She is a good one, but only because she has been looked after. She came to me having been looked after and I have looked after her since. She has had a new engine, due to a mechanic damaging the original. She has had the gearbox/TC done, a fault that lies firmly at the door of BMW, and she's had other bits and bobs. Which add up to a lot of money but you don't buy an expensive vehicle and expect to run it on the cheap. To paraphrase what they say of childbirth: once she is back in your arms, you forget the pain in your wallet :)
I get compliments on her every time I go out.. I wouldn't dream of selling her, and I certainly wouldn't sell her for the prices advertised.

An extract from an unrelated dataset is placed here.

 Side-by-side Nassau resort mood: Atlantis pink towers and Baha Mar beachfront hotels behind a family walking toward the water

The problem is how quickly they lose/lost their value , meaning anyone can afford to buy one. However, people buy them without realising that the maintenance budget is more than double a 'normal'' car. So they try to run them on the cheap. This ends in the poor beasties being run into the ground and selling for the silly money that they do. Then someone buys it because it's cheap , not realising a £2k vehicle will need at least that again to run, and the cycle continues.

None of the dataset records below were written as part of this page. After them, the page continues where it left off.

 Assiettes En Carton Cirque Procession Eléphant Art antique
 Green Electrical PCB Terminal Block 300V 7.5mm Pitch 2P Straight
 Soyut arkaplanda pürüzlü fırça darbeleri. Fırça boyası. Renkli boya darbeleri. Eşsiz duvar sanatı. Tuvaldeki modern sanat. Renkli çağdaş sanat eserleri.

In short , I love my Golden Girl and, like others on here, she is an example of what these, almost 20 year old, vehicles can and should be.
 
She is a good one, but only because she has been looked after. She came to me having been looked after and I have looked after her since. She has had a new engine, due to a mechanic damaging the original. She has had the gearbox/TC done, a fault that lies firmly at the door of BMW, and she's had other bits and bobs. Which add up to a lot of money but you don't buy an expensive vehicle and expect to run it on the cheap. To paraphrase what they say of childbirth: once she is back in your arms, you forget the pain in your wallet :)

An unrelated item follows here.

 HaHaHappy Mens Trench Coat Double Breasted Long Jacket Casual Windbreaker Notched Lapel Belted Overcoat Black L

I get compliments on her every time I go out.. I wouldn't dream of selling her, and I certainly wouldn't sell her for the prices advertised.
The problem is how quickly they lose/lost their value , meaning anyone can afford to buy one. However, people buy them without realising that the maintenance budget is more than double a 'normal'' car. So they try to run them on the cheap. This ends in the poor beasties being run into the ground and selling for the silly money that they do. Then someone buys it because it's cheap , not realising a £2k vehicle will need at least that again to run, and the cycle continues.
In short , I love my Golden Girl and, like others on here, she is an example of what these, almost 20 year old, vehicles can and should be.

Agreed, is yours a 2002 model?
 
Amazing mine was built in Oct 2001 so there is only a few months between them ;)

And they couldn't be more different ;) :)
I know! Personally I think this was part of the problem. They brought the programme forward, leap frogging the Discovery 4 programme. Perhaps if they had got to the L322 in the order/time frame they intended, the wrinkles would have been a little more ironed out , having been tested through the D4.
 
The problem is how quickly they lose/lost their value , meaning anyone can afford to buy one.
They go like that start to disappear a bit then price rockets.
Classics did, p38 prices have risen only few years ago I had a choice of cheap ones. L322 getting ridiculously cheap now - not looked after ones will disappear- then they start to climb
 
Had another go at getting the replacement FBH working as I am getting flame detection fault. Took the fuel pipe off the FBH and it was dry as a bone (something dry on an L322 can't be right) so primed it with 12 v to the pump and now I think I've flooded it, even got diesel in the FBH exhaust port. Pretty sure there's a flame cos the case is getting warm, looks like I'll be pulling it all apart again over Christmas.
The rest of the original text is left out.